Records drawn from a dataset
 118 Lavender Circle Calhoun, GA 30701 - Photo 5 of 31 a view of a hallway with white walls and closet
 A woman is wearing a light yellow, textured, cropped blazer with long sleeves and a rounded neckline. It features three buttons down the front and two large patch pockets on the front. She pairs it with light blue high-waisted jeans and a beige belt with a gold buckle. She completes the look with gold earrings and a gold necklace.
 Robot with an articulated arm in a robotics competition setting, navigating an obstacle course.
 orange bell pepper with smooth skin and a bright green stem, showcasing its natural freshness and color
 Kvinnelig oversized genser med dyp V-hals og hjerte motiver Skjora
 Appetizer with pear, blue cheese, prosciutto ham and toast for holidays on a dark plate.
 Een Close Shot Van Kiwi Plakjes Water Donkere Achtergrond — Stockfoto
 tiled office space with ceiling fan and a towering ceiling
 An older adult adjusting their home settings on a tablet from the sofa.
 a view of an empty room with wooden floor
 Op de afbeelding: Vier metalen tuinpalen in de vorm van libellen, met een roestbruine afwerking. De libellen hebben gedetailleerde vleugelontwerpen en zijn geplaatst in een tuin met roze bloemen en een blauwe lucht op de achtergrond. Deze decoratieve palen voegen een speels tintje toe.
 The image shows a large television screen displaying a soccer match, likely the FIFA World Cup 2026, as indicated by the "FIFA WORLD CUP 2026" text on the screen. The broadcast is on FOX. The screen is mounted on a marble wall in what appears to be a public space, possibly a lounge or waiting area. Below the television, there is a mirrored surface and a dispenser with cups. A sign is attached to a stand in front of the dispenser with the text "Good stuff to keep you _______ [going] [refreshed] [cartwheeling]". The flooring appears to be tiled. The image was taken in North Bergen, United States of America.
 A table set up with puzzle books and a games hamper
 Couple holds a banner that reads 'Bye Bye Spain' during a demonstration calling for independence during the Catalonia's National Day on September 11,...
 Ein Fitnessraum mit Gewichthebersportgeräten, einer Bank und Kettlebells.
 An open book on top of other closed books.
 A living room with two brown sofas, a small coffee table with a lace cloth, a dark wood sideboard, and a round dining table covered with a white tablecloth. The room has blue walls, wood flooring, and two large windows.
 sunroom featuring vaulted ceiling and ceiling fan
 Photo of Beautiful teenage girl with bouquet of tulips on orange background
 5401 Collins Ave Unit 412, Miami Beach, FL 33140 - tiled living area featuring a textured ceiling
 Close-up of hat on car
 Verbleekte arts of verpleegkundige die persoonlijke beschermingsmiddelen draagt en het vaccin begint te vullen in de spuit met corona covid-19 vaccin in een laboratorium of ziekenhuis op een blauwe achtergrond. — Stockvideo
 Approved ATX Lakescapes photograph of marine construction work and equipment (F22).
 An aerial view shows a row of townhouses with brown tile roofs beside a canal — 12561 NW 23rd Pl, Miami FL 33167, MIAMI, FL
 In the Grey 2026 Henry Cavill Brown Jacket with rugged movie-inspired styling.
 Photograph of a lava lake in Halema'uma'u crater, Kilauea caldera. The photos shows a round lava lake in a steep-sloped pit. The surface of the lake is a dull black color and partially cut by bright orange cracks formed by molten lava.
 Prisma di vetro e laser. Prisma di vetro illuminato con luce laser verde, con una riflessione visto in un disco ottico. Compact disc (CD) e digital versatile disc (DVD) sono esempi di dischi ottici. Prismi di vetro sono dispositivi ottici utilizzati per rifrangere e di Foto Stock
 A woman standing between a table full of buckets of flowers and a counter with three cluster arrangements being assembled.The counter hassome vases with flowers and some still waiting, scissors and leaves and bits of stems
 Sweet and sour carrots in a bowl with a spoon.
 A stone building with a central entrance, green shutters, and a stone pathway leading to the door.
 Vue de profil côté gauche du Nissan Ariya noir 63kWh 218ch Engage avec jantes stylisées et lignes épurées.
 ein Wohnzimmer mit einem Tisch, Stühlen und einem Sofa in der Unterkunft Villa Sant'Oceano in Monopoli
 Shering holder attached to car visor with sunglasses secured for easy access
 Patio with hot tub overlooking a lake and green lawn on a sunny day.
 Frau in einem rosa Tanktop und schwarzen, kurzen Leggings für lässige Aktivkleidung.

• [Exercise details] Down to the final line, the data above must be copied exactly.

• [Result for this exercise]
 118 Lavender Circle Calhoun, GA 30701 - Photo 5 of 31 a view of a hallway with white walls and closet
 A woman is wearing a light yellow, textured, cropped blazer with long sleeves and a rounded neckline. It features three buttons down the front and two large patch pockets on the front. She pairs it with light blue high-waisted jeans and a beige belt with a gold buckle. She completes the look with gold earrings and a gold necklace.
 Robot with an articulated arm in a robotics competition setting, navigating an obstacle course.
 orange bell pepper with smooth skin and a bright green stem, showcasing its natural freshness and color
 Kvinnelig oversized genser med dyp V-hals og hjerte motiver Skjora
 Appetizer with pear, blue cheese, prosciutto ham and toast for holidays on a dark plate.
 Een Close Shot Van Kiwi Plakjes Water Donkere Achtergrond — Stockfoto
 tiled office space with ceiling fan and a towering ceiling
 An older adult adjusting their home settings on a tablet from the sofa.
 a view of an empty room with wooden floor
 Op de afbeelding: Vier metalen tuinpalen in de vorm van libellen, met een roestbruine afwerking. De libellen hebben gedetailleerde vleugelontwerpen en zijn geplaatst in een tuin met roze bloemen en een blauwe lucht op de achtergrond. Deze decoratieve palen voegen een speels tintje toe.
 The image shows a large television screen displaying a soccer match, likely the FIFA World Cup 2026, as indicated by the "FIFA WORLD CUP 2026" text on the screen. The broadcast is on FOX. The screen is mounted on a marble wall in what appears to be a public space, possibly a lounge or waiting area. Below the television, there is a mirrored surface and a dispenser with cups. A sign is attached to a stand in front of the dispenser with the text "Good stuff to keep you _______ [going] [refreshed] [cartwheeling]". The flooring appears to be tiled. The image was taken in North Bergen, United States of America.
 A table set up with puzzle books and a games hamper
 Couple holds a banner that reads 'Bye Bye Spain' during a demonstration calling for independence during the Catalonia's National Day on September 11,...
 Ein Fitnessraum mit Gewichthebersportgeräten, einer Bank und Kettlebells.
 An open book on top of other closed books.
 A living room with two brown sofas, a small coffee table with a lace cloth, a dark wood sideboard, and a round dining table covered with a white tablecloth. The room has blue walls, wood flooring, and two large windows.
 sunroom featuring vaulted ceiling and ceiling fan
 Photo of Beautiful teenage girl with bouquet of tulips on orange background
 5401 Collins Ave Unit 412, Miami Beach, FL 33140 - tiled living area featuring a textured ceiling
 Close-up of hat on car
 Verbleekte arts of verpleegkundige die persoonlijke beschermingsmiddelen draagt en het vaccin begint te vullen in de spuit met corona covid-19 vaccin in een laboratorium of ziekenhuis op een blauwe achtergrond. — Stockvideo
 Approved ATX Lakescapes photograph of marine construction work and equipment (F22).
 An aerial view shows a row of townhouses with brown tile roofs beside a canal — 12561 NW 23rd Pl, Miami FL 33167, MIAMI, FL
 In the Grey 2026 Henry Cavill Brown Jacket with rugged movie-inspired styling.
 Photograph of a lava lake in Halema'uma'u crater, Kilauea caldera. The photos shows a round lava lake in a steep-sloped pit. The surface of the lake is a dull black color and partially cut by bright orange cracks formed by molten lava.
 Prisma di vetro e laser. Prisma di vetro illuminato con luce laser verde, con una riflessione visto in un disco ottico. Compact disc (CD) e digital versatile disc (DVD) sono esempi di dischi ottici. Prismi di vetro sono dispositivi ottici utilizzati per rifrangere e di Foto Stock
 A woman standing between a table full of buckets of flowers and a counter with three cluster arrangements being assembled.The counter hassome vases with flowers and some still waiting, scissors and leaves and bits of stems
 Sweet and sour carrots in a bowl with a spoon.
 A stone building with a central entrance, green shutters, and a stone pathway leading to the door.
 Vue de profil côté gauche du Nissan Ariya noir 63kWh 218ch Engage avec jantes stylisées et lignes épurées.
 ein Wohnzimmer mit einem Tisch, Stühlen und einem Sofa in der Unterkunft Villa Sant'Oceano in Monopoli
 Shering holder attached to car visor with sunglasses secured for easy access
 Patio with hot tub overlooking a lake and green lawn on a sunny day.
 Frau in einem rosa Tanktop und schwarzen, kurzen Leggings für lässige Aktivkleidung.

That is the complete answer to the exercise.